べツレヘム
天界の秘義4593
「ラケルは死んでエフラタに行く途中で葬られた」。これは前の内的な真理に対する情愛の終りを意味していることは以下から明白である、すなわち、『死ぬこと』の意義はそのようなものでなくなることであり(494番を参照)、かくて終りであり、ラケルの表象は内的な真理の情愛であり(3758、3782、3793、3819番)、『葬られること』の意義は前の状態が斥けられて、新しい状態が甦ることであり(2916、2917、3256番)、『エフラタ』の意義は前の状態における天的なものの霊的なものである(4585番)。この凡てから、ラケルがエフラタに行く途上で死んで葬られたことにより前の内的な真理に対する情愛の状態の終りと『ベツレヘム』であるところの新しい状態がよみがえることが意味されており、そのことの解説は以下に述べよう。
天界の秘義6247
「それは(エフラタは)ベツレヘムです」。これは、それに代って真理と善に対する新しい情愛の状態を意味していることは、『ベツレヘム』の意義から明白であり、それは新しい状態における天的なものの霊的なものであり(4594番を参照)、かくて真理と善に対する新しい情愛の状態である、なぜなら天的なものの霊的なものは善の真理であり、かくて善から発した真理に対する情愛であるからである。この節の内意における内容のいかようなものであるかを述べることが必要である。とり扱われている主題は真理に対する前の情愛を斥けて、新しいものを受けることである。
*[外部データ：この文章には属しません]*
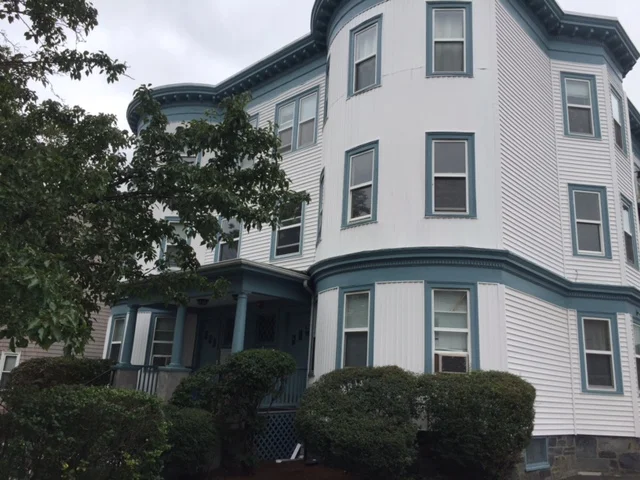 1 bed, 1 bath apartment for rent at 112 Thurston St Unit 2, Winter Hill — photo 5 of 6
真理に対する前の情愛は人間が再生しつつある間に存在しているが、しかし新しいものである後のものは、かれが再生したときに存在するのである。前の状態ではその人間は知的なものになろうという目的のために真理に感動するが、しかし後の状態では賢明なものになろうという目的から真理に感動するのである。または、それと同じことではあるが、前の状態ではかれは教義のために真理に感動するが、しかし後の状態では生命のために感動するのである。教義のために感動するときは、真理からかれは善を目指すが、しかし生命のために感動するときは、善から真理を目指している。かくて後の状態は前の状態とは逆のものである、それでその前の状態はその人間が再生しつつある間に斥けられ、新しい状態である後の状態が受け入れられるのである。さらに前の状態は、後の新しい状態に比較すると、不潔なものである。なぜなら人間は知的なものになろうとして教義のために真理に感動する時は、それと同時に名声と栄誉にもまた感動するからである。この情愛はそのとき現存しないわけにはいかないのであり、それはまた導入させるものとして許されてもいるのである。なぜなら人間はそうした性質をもっているからである。しかしかれは生命のために真理に感動すると、そのときは栄誉と名声とを目的としては斥け、生命の善を、すなわち、隣人に対する仁慈をかき抱くのである。